Rigueur budgétaire, fouillis routier
Tous les lecteurs du Journal ont dû faire la même face que moi en lisant la citation du ministre des Transports «L’état des routes s’améliore». Fait cocasse, Laurent Lessard contredisait ainsi des données de son propre ministère publiées dans les annexes au budget.
Le tableau qu’on y dépeignait était moins rose. La moitié des routes du Québec sont en mauvais ou très mauvais état selon les évaluations du MTQ et cette proportion a récemment augmenté. Un portrait assez inquiétant lorsqu’on prend en compte tous les discours que nous avons entendus sur le rattrapage en cours dans l’entretien de nos infrastructures.
IMPRESSION MINISTÉRIELLE
Le ministre s’est même permis de contester les constats de son ministère. Assez loufoque et peu professionnelle, d’ailleurs, cette scène où le ministre en titre remet en cause des données de son ministère, mais à partir d’impressions générales. Pas de données complémentaires ou d’informations qui fourniraient un autre éclairage, à part un indice de confort de roulement.
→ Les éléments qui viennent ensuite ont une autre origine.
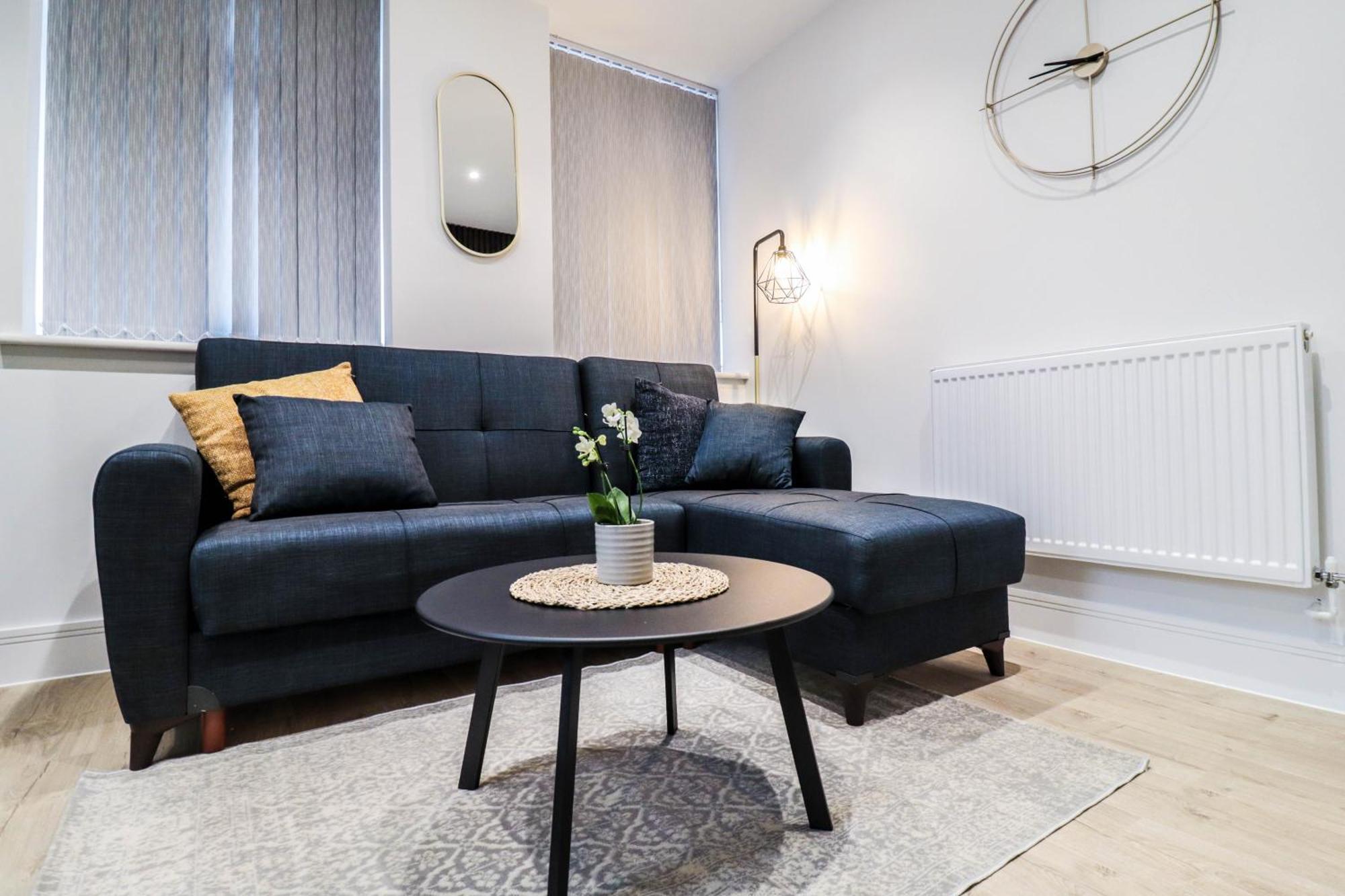 Modern 1-Bed Apartment In Buckinghamshire With Free Wifi, Parking & Garden High Wycombe Zewnętrze zdjęcie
Le ministre s’est contenté de dire que d’après lui, les routes sont en meilleur état que ne l’indique ce portrait. Et à l’appui de ces dires, le fait que nous ayons vu tant de cônes orange ces dernières années.
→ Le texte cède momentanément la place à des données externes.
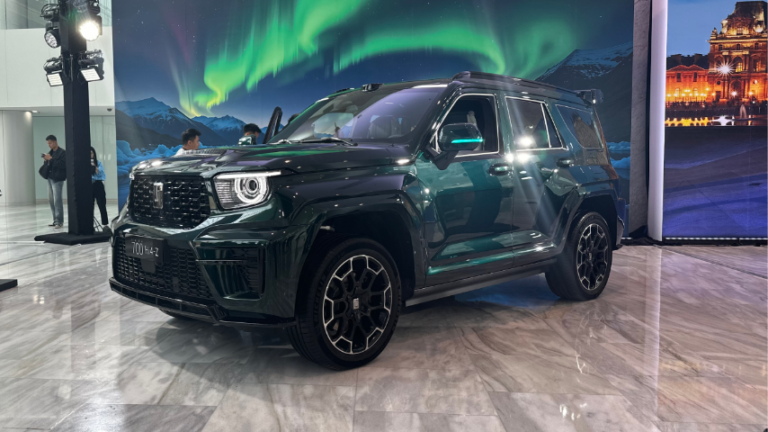 Robot Zhiyuan Jingling G2 en deploiement industriel - 10000eme robot livre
J’ai plus d’une fois applaudi la rigueur budgétaire du gouvernement libéral. Les finances du Québec sont en ordre. Le portrait est clair. D’ailleurs, nous commençons collectivement à en récolter des bénéfices tangibles. Bloomberg notait cette semaine que l’écart entre les taux sur emprunt du Québec et de l’ontario se trouve à parité. Nous avions payé des taux supérieurs à l’ontario depuis des décennies.
Comment se fait-il que nous ne puissions pas démontrer la même rigueur et le même sérieux dans la gestion des infrastructures routières? Un déficit chronique d’entretien des infrastructures constitue une forme cachée de dette. Tout comme la dette budgétaire, si nous faisons preuve de négligence aujourd’hui, nos enfants vont ramasser le fardeau demain.
PAS DE PORTRAIT CLAIR
Je m’explique mal que le même gouvernement qui aime répéter sur tous les toits que les finances du Québec sont en ordre accepte que le portrait des routes soit un tel fouillis. Après avoir vécu des effondrements de viaduc, après avoir annoncé des planifications de travaux d’infrastructures à coup de milliards, il est renversant que le Québec n’ait pas un portrait clair de l’état de ses routes et un plan aussi clair pour leur remise en état.
Plusieurs questions me paraissent fondamentales. Les travaux exécutés sont-ils faits avec les méthodes et matériaux de qualité qui assurent une durée de vie acceptable? Nous sommes nombreux à nous poser la question. Avonsnous aujourd’hui des investissements suffisants pour faire du rattrapage ou tentons-nous seulement de stopper la détérioration?
Si ces questions nous interpellent, je suis loin d’être certain que le ministère des Transports soit même en mesure d’y répondre. Loin d’être géré avec les mêmes critères de rigueur que nos finances, notre ministère des Transports donne parfois l’impression d’être encore comme la voirie d’autrefois. Des bouts de route au gré des humeurs et des promesses d’élection.